_Data block_
◇ ◇ ◇ ◇ ◇ ◇ ◇
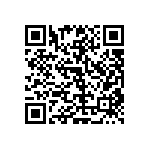 RT1210WRB0776K8L QRCode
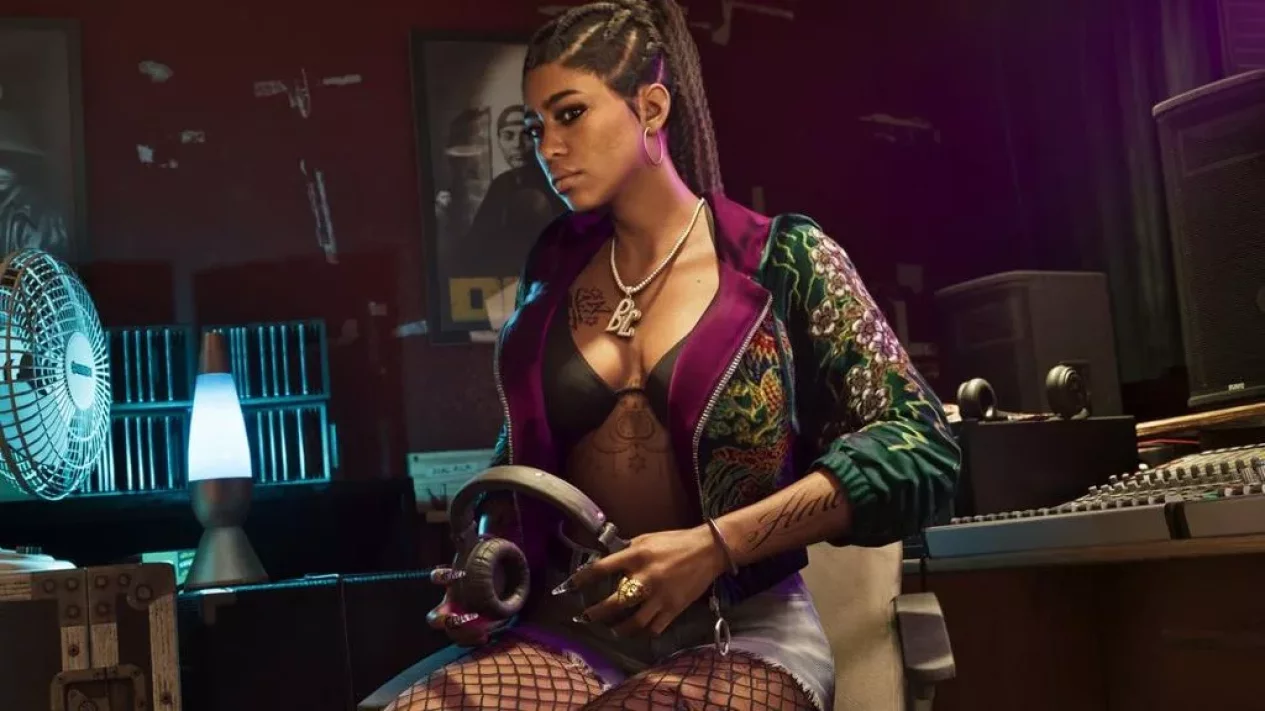 Jadwal rilis GTA 6 Resmi Diumumkan, Ini Jawaban Take-Two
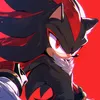 shadow62.262_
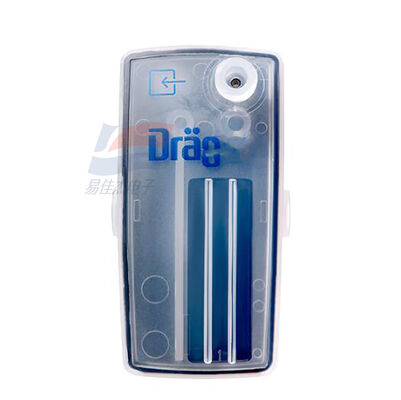 6872130 Reusable Water Trap Water Collection Cup for Ventilators Medical Grade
◇ ◇ ◇ ◇ ◇ ◇ ◇
_Work to complete_
The material should be returned verbatim, with all images omitted.

_Solution to the exercise_
 RT1210WRB0776K8L QRCode
 Jadwal rilis GTA 6 Resmi Diumumkan, Ini Jawaban Take-Two
 shadow62.262_
 6872130 Reusable Water Trap Water Collection Cup for Ventilators Medical Grade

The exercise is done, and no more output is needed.